(Work task): Go to the line containing "millyevans1 online show" below; retype it and all following lines exactly, and leave out the pictures.

(Dataset content):

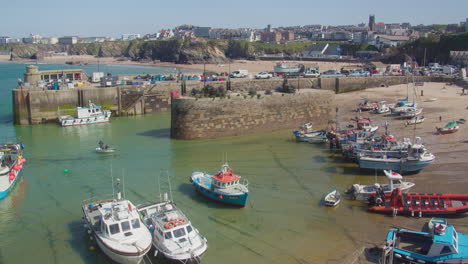 barcos de pesca en el puerto de newquay durante la marea baja en cornualles, reino unido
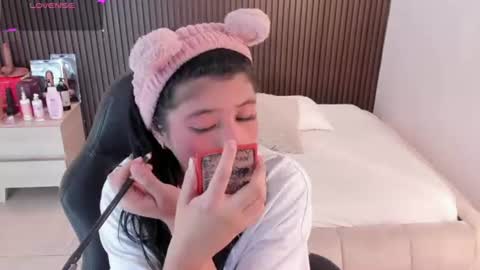 millyevans1 online show from August 5, 2026, 2:58 am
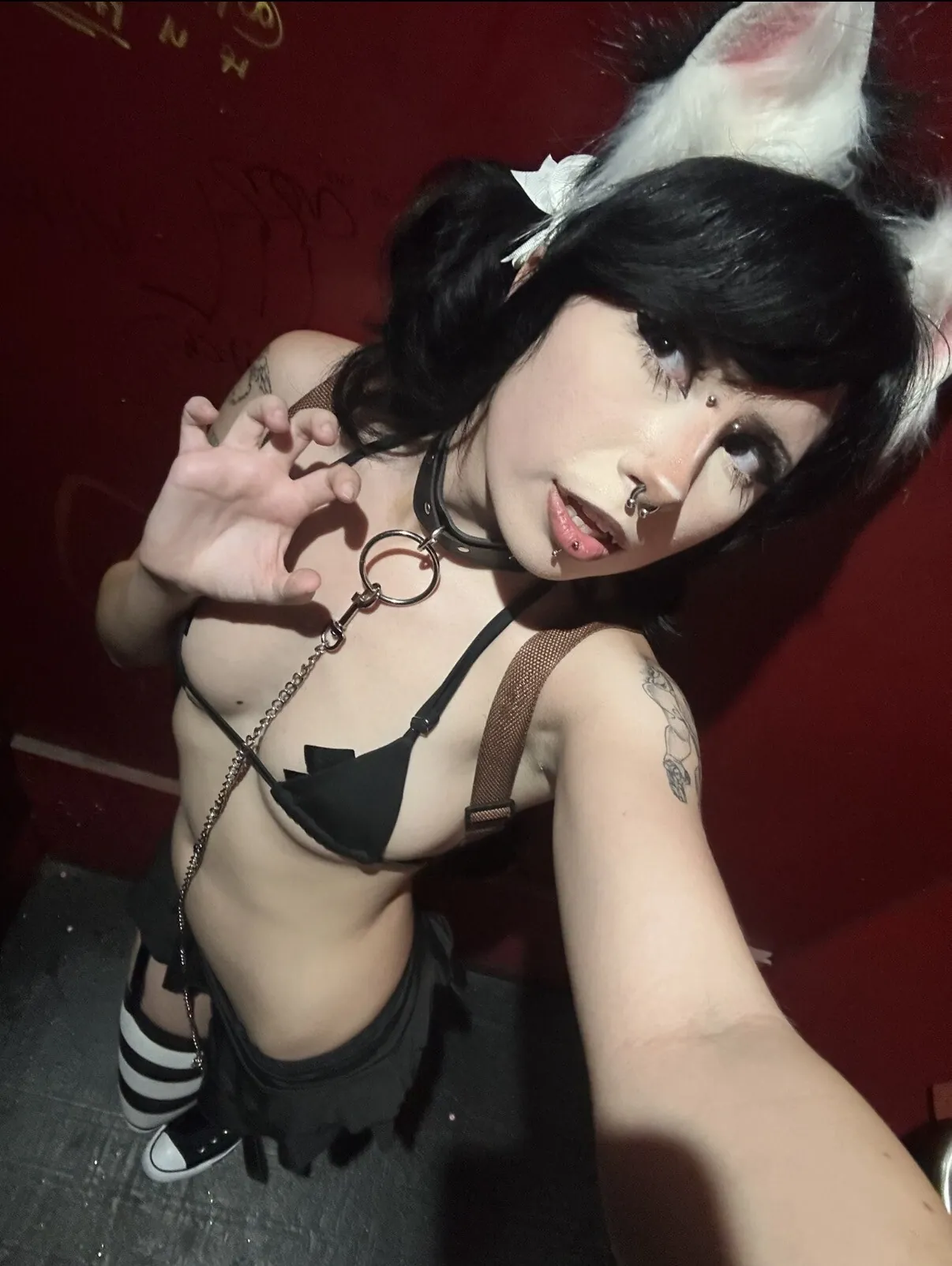 urwhitegf emo camshow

(Output for this task):
 millyevans1 online show from August 5, 2026, 2:58 am
 urwhitegf emo camshow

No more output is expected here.